Il y a une beauté dans cette horreur. On n'arrive pas à enlever nos yeux de cette image. Elle est pleine de fantômes.

Jérôme Delay, commissaire de l'exposition "Marioupol"

Marioupol : une ville détruite à 90 % en seulement un mois

  • Le 2 mars, l'artillerie russe pilonne Marioupol, ville russophone de 441 000 habitants située à environ 55 kilomètres de la frontière russe et à 85 kilomètres du fief des séparatistes de Donetsk.
  • Le 9 mars, une frappe russe vise la maternité et le 16 mars, l'aviation russe détruit le théâtre de la ville, où près d'un millier de personnes s'étaient réfugiées, selon les autorités ukrainiennes.
  • Le 30 mars, Moscou annonce un cessez-le-feu local, à partir du lendemain matin, pour ouvrir un couloir humanitaire.
  • Le 4 avril, le maire de Marioupol, Vadim Boïtchenko, déclare lors d'une visioconférence devant la presse internationale que la ville est détruite «à 90%».
  • Le 21 avril, le ministre russe de la Défense déclare que Marioupol est sous contrôle russe, à l'exception du site d'Azovstal .
  • Le 20 mai, c'est la prise de l'usine Azovstal par les russes.

Les images de Marioupol au cœur d'une bataille médiatique

Evgeniy Maloletka et Mstyslav Chernov ont décidé de rester à Marioupol, au moment où le reste de la presse internationale se concentrait sur Kiev. Coupés du reste de l'Ukraine, ils ont vécu au milieu de la population, au rythme des bombardements. Dans une ville privée d'électricité, ils ont dû trouver des solutions pour recharger leurs batteries, en utilisant les groupes électrogènes disponibles. Quand le réseau GSM ne fonctionnait plus, ils ont eu recours à une petite valise satellite . Les images de Evgeniy Maloletka et Mstyslav Chernov ont fait le tour du monde, montrant l’horreur en photo et en vidéo, choquant l’opinion internationale. Ces images ont été vivement démenties par le gouvernement russe, arguant qu'il s'agissait d'acteurs et que les bombardements n'avaient jamais eu lieu.

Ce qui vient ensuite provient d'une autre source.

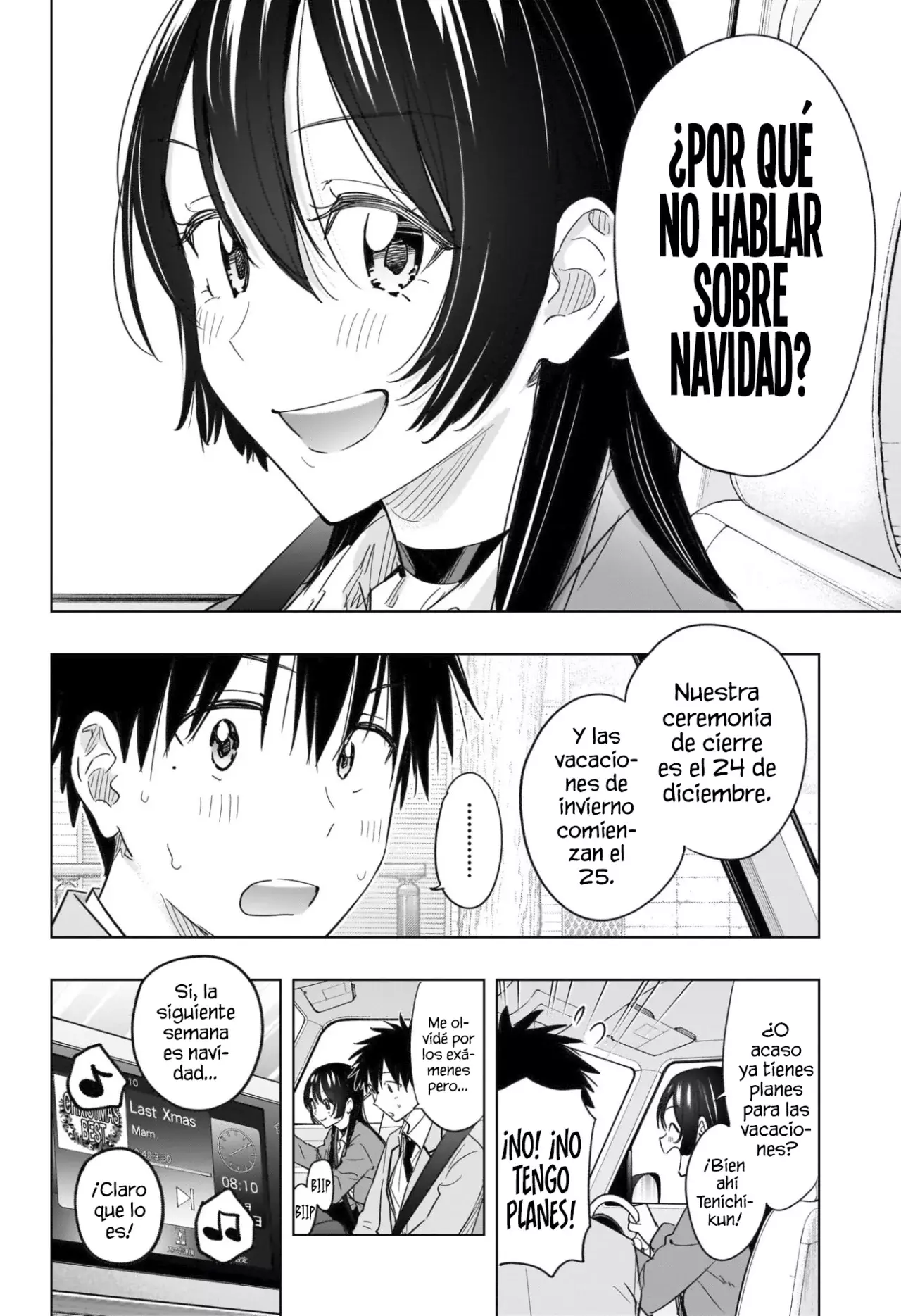Hima-Ten! capítulo 62, página 5
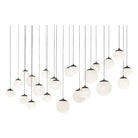 Modern Forms - Pisces LED Linear Pendant - PD-34414L-AB | Montreal Lighting & Hardware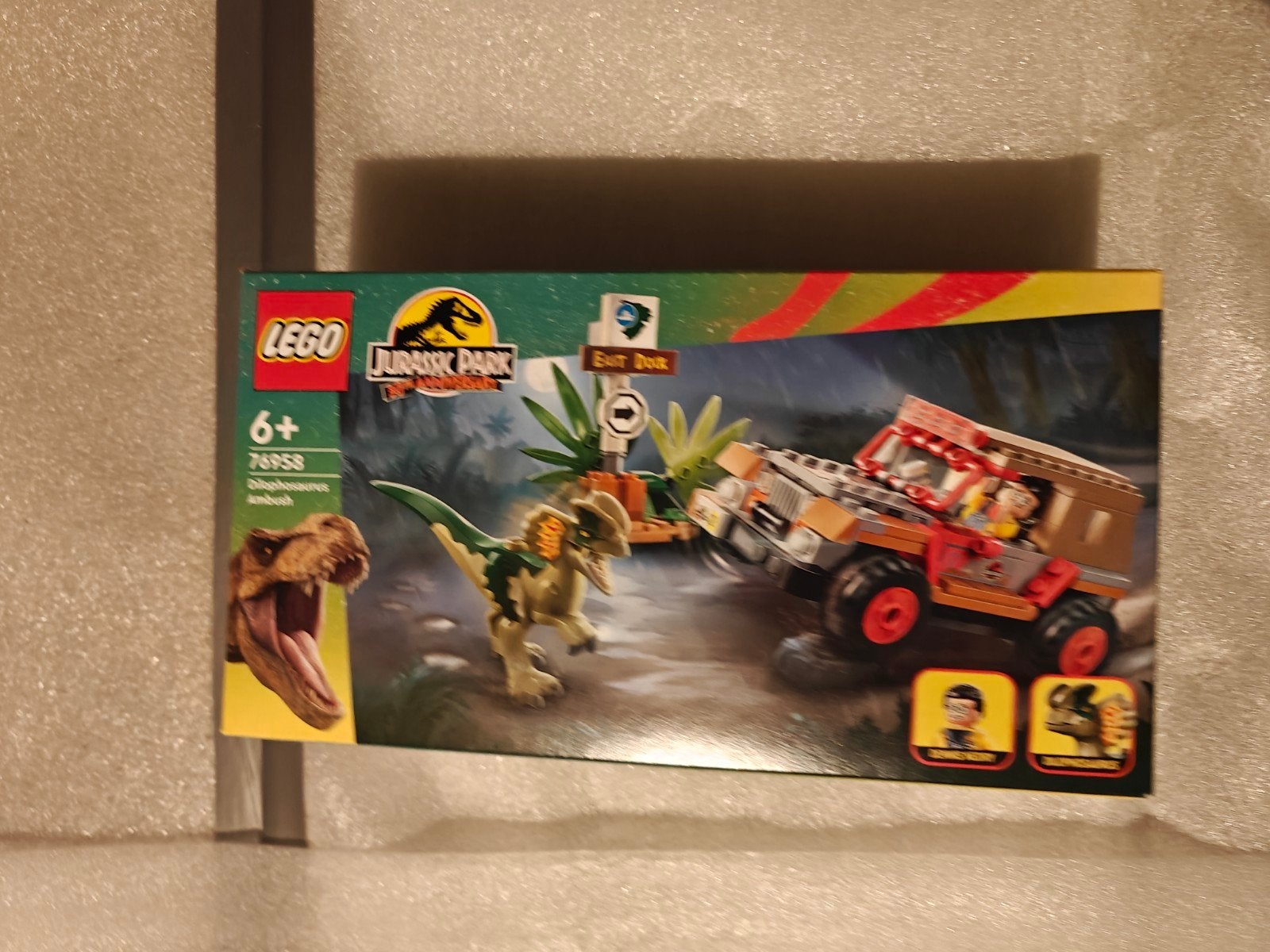 Lego 76958 Jurassic park, Kinderen en Baby's, Speelgoed | Duplo en Lego, Ophalen of Verzenden, Lego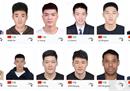中国男篮大运会名单:清华4人，北大4人入选。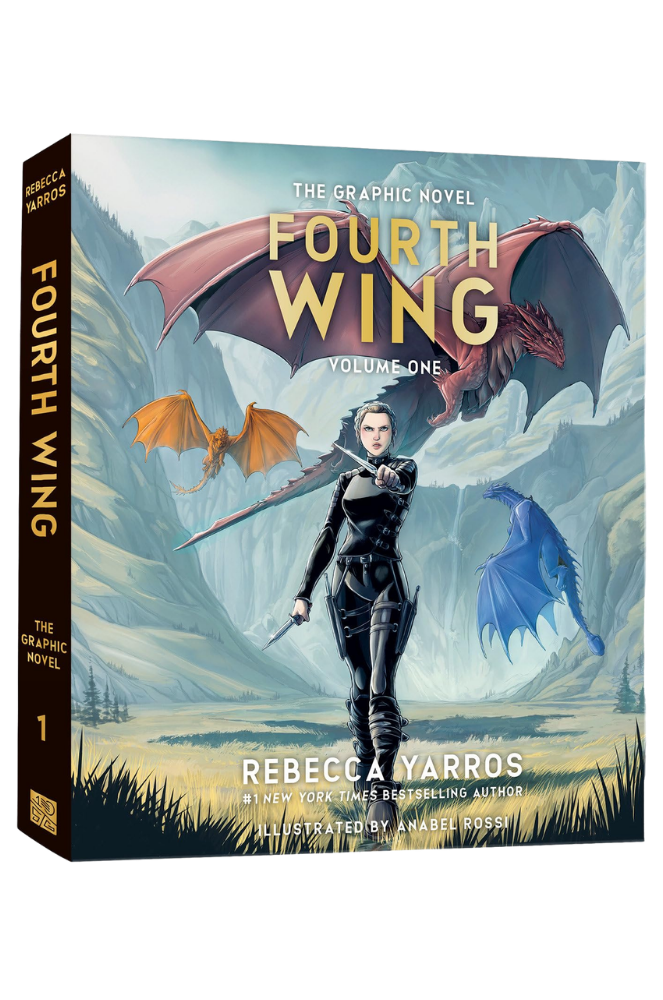 Fourth Wing, The Graphic Novel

Cette femme, en bas à droite, a même été accusée par la Russie de propagande ukrainienne. Il s'agit de Marianna Podgurskaïa, une blogueuse ukrainienne, dont les Russes ont prétendu qu'elle s'était mise en scène après le bombardement de la maternité de Marioupol. Elle a pourtant accouché dans cette ville en ruine.

En diffusant ces clichés, les deux journalistes sont devenus la cible des combattants russes.

Les Russes voulaient les faire taire, raconte Jérôme Delay, le commissaire de l'exposition et lui-même photographe pour AP (Associated Press). Ils avaient une liste de noms de personnes à abattre et ils en faisaient partie. 

Le but de l'armée russe était de les rattraper et de les forcer à dire au monde entier que leurs photos et vidéos n'étaient que des mises en scène.

Jérôme Delay, commissaire de l'exposition "Marioupol"

Pour leur sécurité, ces deux journalistes ont dû être exfiltrés de Marioupol, laissant une ville où "le massacre peut se poursuivre à huis clos", comme le disait Stéphanie Pérez, envoyée spéciale à Odessa pour France télévisions, le 22 mars 2022.

Pour l'instant, toutes les communications restent coupées et le martyre de Marioupol risque bien de se prolonger loin des caméras. Un trou noir de l'information, puisque les deux derniers journalistes occidentaux qui étaient sur place pour une agence américaine ont été obligés de s'enfuir. Ils étaient poursuivis, traqués par les forces russes.

Stéphanie Perez, envoyée spéciale à Odessa (Ukraine) pour France Télévisions, le 22/03/2022

Des images pour preuve

Aujourd'hui exposées, ces photos et vidéos d'actualité documentent un pan de notre histoire. Elles ont été largement diffusées, mais c'est la première fois qu'elles sont exposées aussi nombreuses, en même temps. L'exposition "Marioupol" est visible à la chapelle de la Tapisserie de Bayeux jusqu'au 30 octobre.